Auch ist das Sanktionssystem beim Nichterfüllen nationaler Verpflichtungen ausgeklügelt, konsequent und zudem marktwirtschaftlich organisiert. Die europäische Ebene kümmert sich also auch direkt um die Umsetzung und denkt Sanktionen mit. So wird Deutschland in den kommenden Jahren Milliarden Steuergelder für CO2-Zertifikate aufwenden müssen, um die drohenden Strafen wegen des Verfehlens seiner nationalen Klimaziele abzuwenden.

Auch das ist nur konsequent. Damit lässt die EU diejenigen Mitgliedsstaaten wirtschaftlich profitieren, die ihre Ziele übererfüllen. Und die anderen, die die Ziele nicht erreichen, müssen sich fragen lassen, ob es nicht besser gewesen wäre, das Steuergeld in eigene Klimaschutzmaßnahmen zu investieren als an andere EU-Staaten zu überweisen.

Die wichtigste Angelegenheit, die die EU jetzt energiepolitisch vorantreiben muss, ist die Besteuerung von CO2. In Berlin wird das keiner entscheiden wollen. Das wird nur in Brüssel funktionieren. CO2-Emissionen müssen einen Preis bekommen, um klimaschädliche Technologien systematisch aus dem Markt zu drängen. Damit kann die EU auch weiterhin ein Klimaschutzmotor bleiben.

Mehr als die Hälfte von über 200 Studien zur Energie- und Klimapolitik, die die Bundesregierung seit Januar 2017 in Auftrag gegeben hat, wurde noch nicht veröffentlicht. Die Regierung will unbequeme Wahrheiten in der Schublade verschwinden lassen, glauben die Grünen. Ist das übertrieben?
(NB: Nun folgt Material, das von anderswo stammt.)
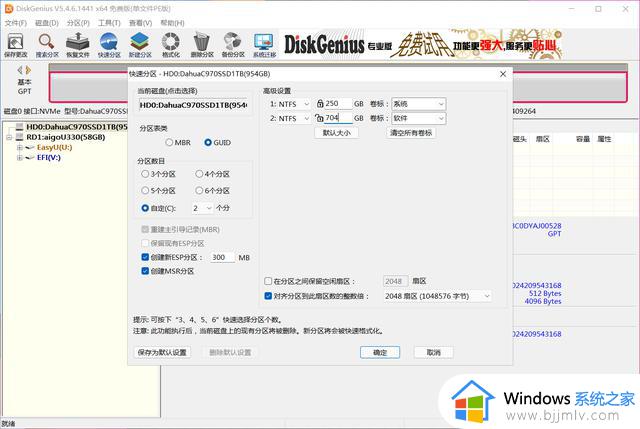 Zen4平台升级SSD，教你5分钟装好Win11，附大华存储C970跑分测试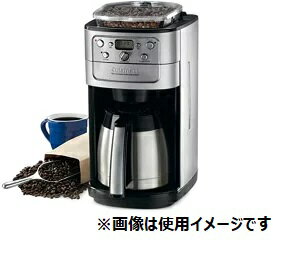 楽天市場】コンエアージャパン(同) Cuisinart クイジナート コーヒーメーカー DGB-900PCJ | 価格比較 - 商品価格ナビ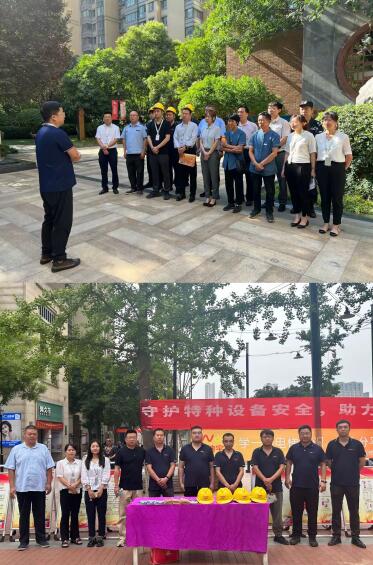 QQ截图20240730121920.jpg QQ截图20240730121920.jpg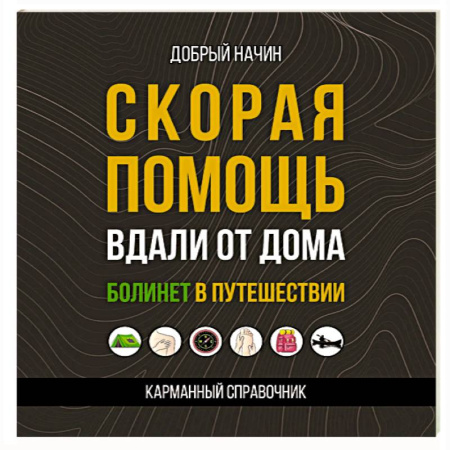 Первая медицинская помощь. Неотложная терапия, книга Скорая помощь вдали от дома. Болинет в путешествии купить по низкой цене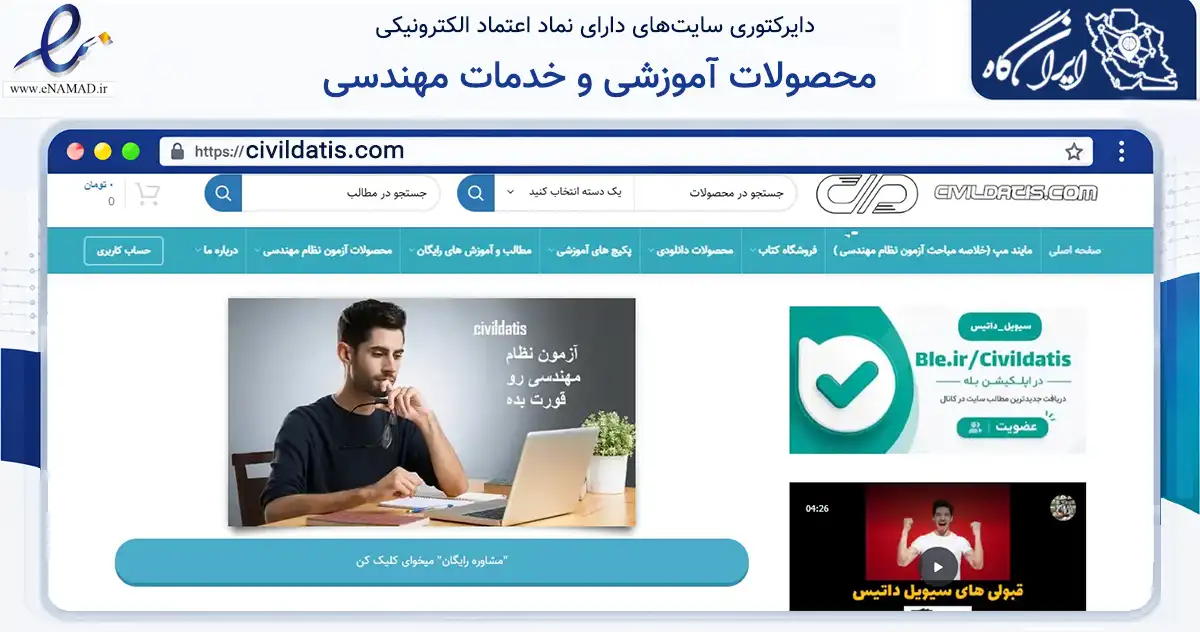 صفحه اصلی سایت محصولات آموزشی و خدمات مهندسی به نشانی civildatis.com که در زمینه آموزش، فرهنگ و پژوهش با مرکزیت شهریار فعالیت دارد.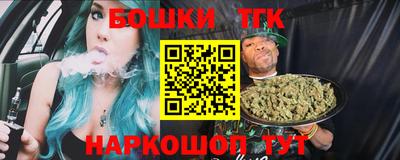 первитин Новокубанск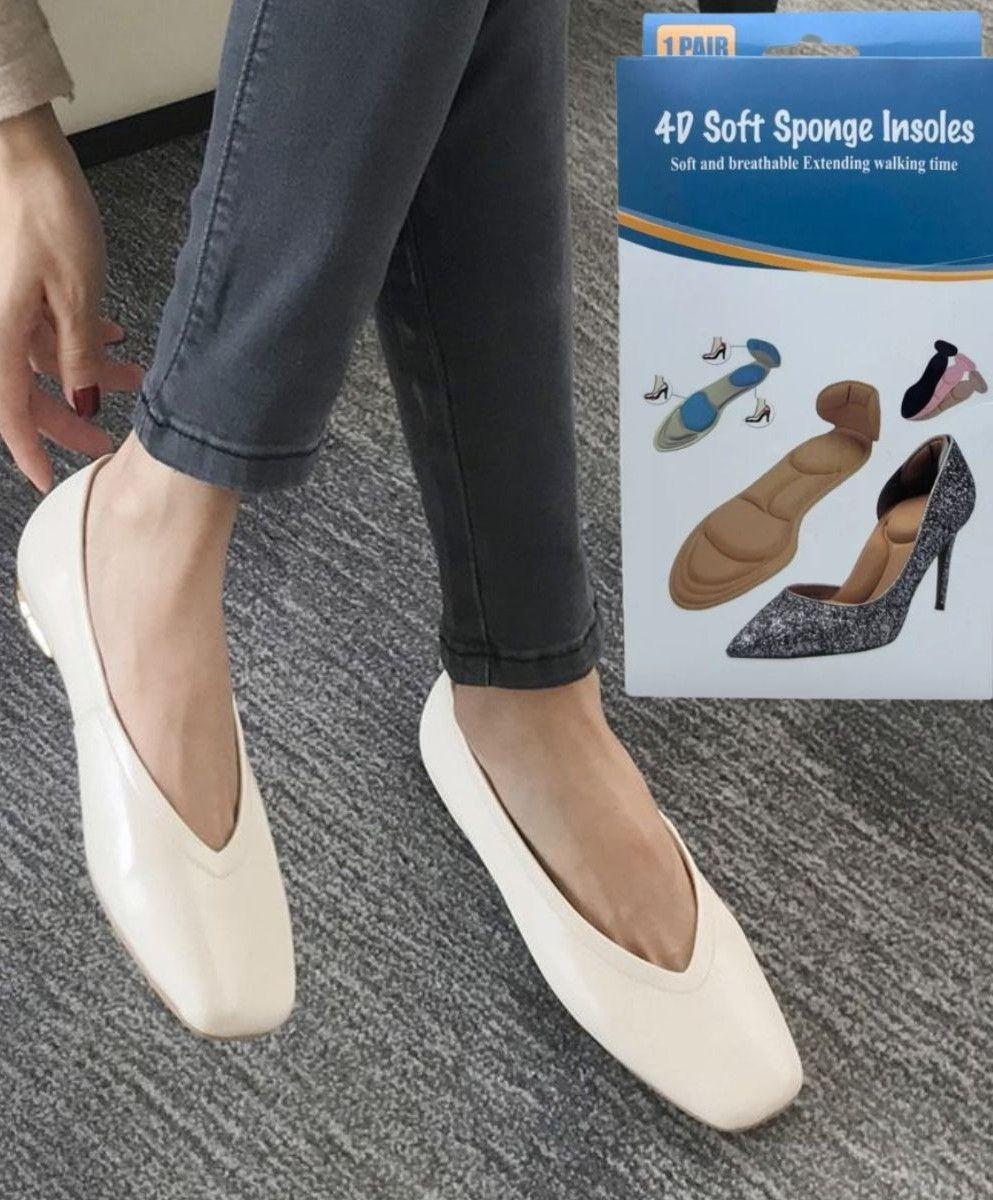 Plantilla Protectora Talón Suave Antideslizante 4 Pack Jhn-7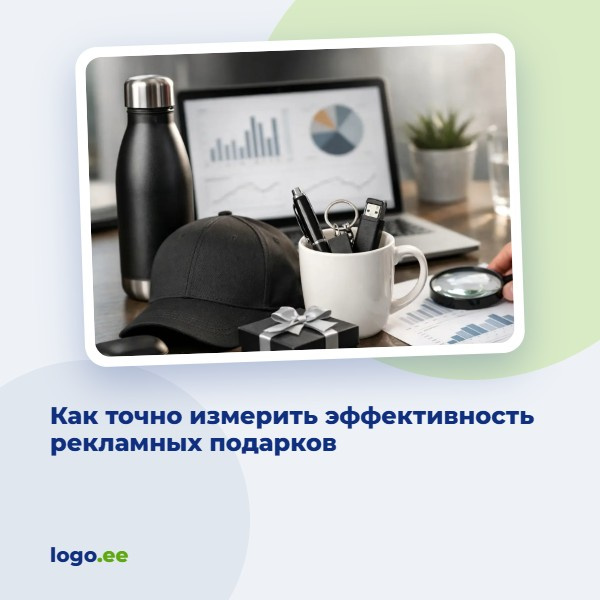 Как точно измерить эффективность рекламных подарков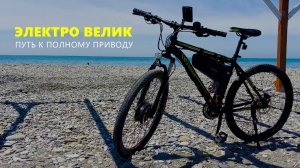 Электровелосипед на контроллере Flipsky FT85BD + Дисплей Flipsky TFT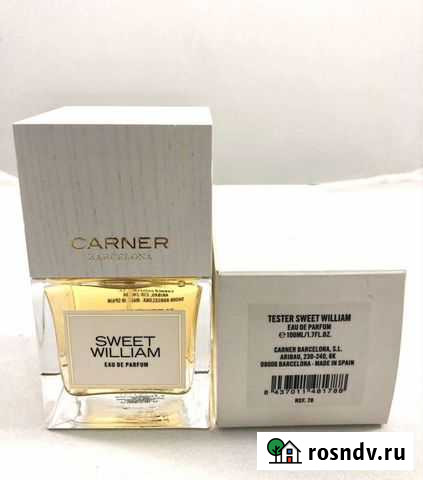 Тестер оригинал Carner Barcelona Sweet William 100 Красногорск - изображение 1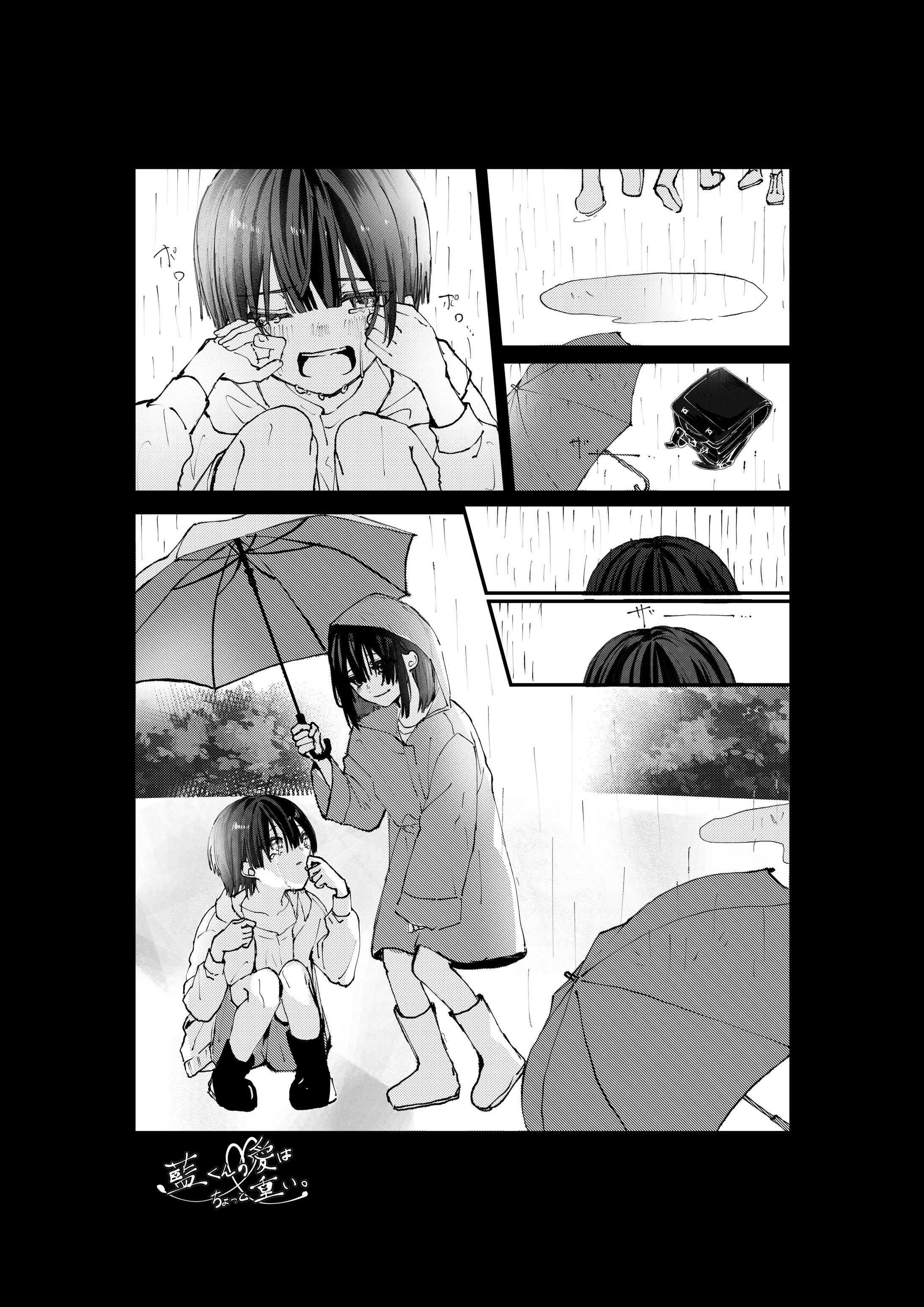創作漫画-1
Es ist unglaublich, dass man sich im Jahr 2019 noch vehement für Transparenz einsetzen muss. Die Veröffentlichung einer öffentlich bezahlten Studie sollte eigentlich eine Selbstverständlichkeit sein. Oder müssen uns am Ende wieder die Juristen helfen, das Informationsfreiheitsgesetz und das Umweltinformationsgesetz durchzusetzen?

Die Bürgerinnen und Bürger haben die Studien über ihre Steuergelder finanziert, also haben sie auch ein Recht zu erfahren, was drinsteht. Nationale Sicherheitsinteressen können hier wohl kaum für eine Geheimhaltung ins Feld geführt werden. Offenbar lassen sich Selbstverständlichkeiten wieder nur durch zeitraubende und teure Gerichtsverfahren erreichen.

Oder handelt es sich um eine indirekte Aufforderung an die Mitarbeiterinnen und Mitarbeiter der Behörden, unveröffentlichte Studien gezielt nach außen durchzustechen? So kann es ja wohl nicht gemeint sein.

In welcher Verfassung müssen die Verantwortlichen in Politik und Behörden sein, wenn sie nicht einmal eine kritische Diskussion aushalten können? Glaubt man dort wirklich, auf diese Art eine Debatte vermeiden können?

Und was war Ihre Überraschung der Woche?

Lichtblick hat in dieser Woche in Berlin eine Studie des Hamburg-Instituts vorgestellt, die Maßnahmen vorschlägt, wie die stetig steigende Nachfrage nach grünem Strom zu einem echten Treiber der Energiewende werden kann. Angebot und Nachfrage müssten dazu besser miteinander verzahnt werden. Das ist für uns nicht unbedingt überraschend – die Überraschung könnte es geben, wenn die Politik das zügig aufgreift.

Neben einem CO2-Preis sollen nach den Ideen der Studienautoren auch neue EEG-geförderte Anlagen Herkunftsnachweise erhalten, die es ermöglichen, Strom aus neuen Wind- und Solarparks direkt zu Kunden zu liefern. Bisher ist das in Deutschland nicht möglich – im Gegensatz zu entsprechenden Regelungen im europäischen Ausland. Zudem soll die Bilanzierung vereinheitlicht werden, damit die CO2-Freiheit in der Energiebilanz der Kunden auch sauber und einheitlich ausgewiesen werden kann.

Wirtschaftsstaatssekretär Andreas Feicht hat in seiner Rede auf der gleichen Veranstaltung in Berlin von Kärrnerarbeit gesprochen, die zur Durchsetzung der Energiewende nötig sei. Die in der Studie "Ökostrom 2025" vorgeschlagenen Maßnahmen sind Bausteine dieser Kärrnerarbeit. Nur wenn die Rädchen sauber ineinandergreifen, wird die steigende Nachfrage der Kunden nach CO2-freiem Strom den Ausbau der Erneuerbaren beschleunigen können.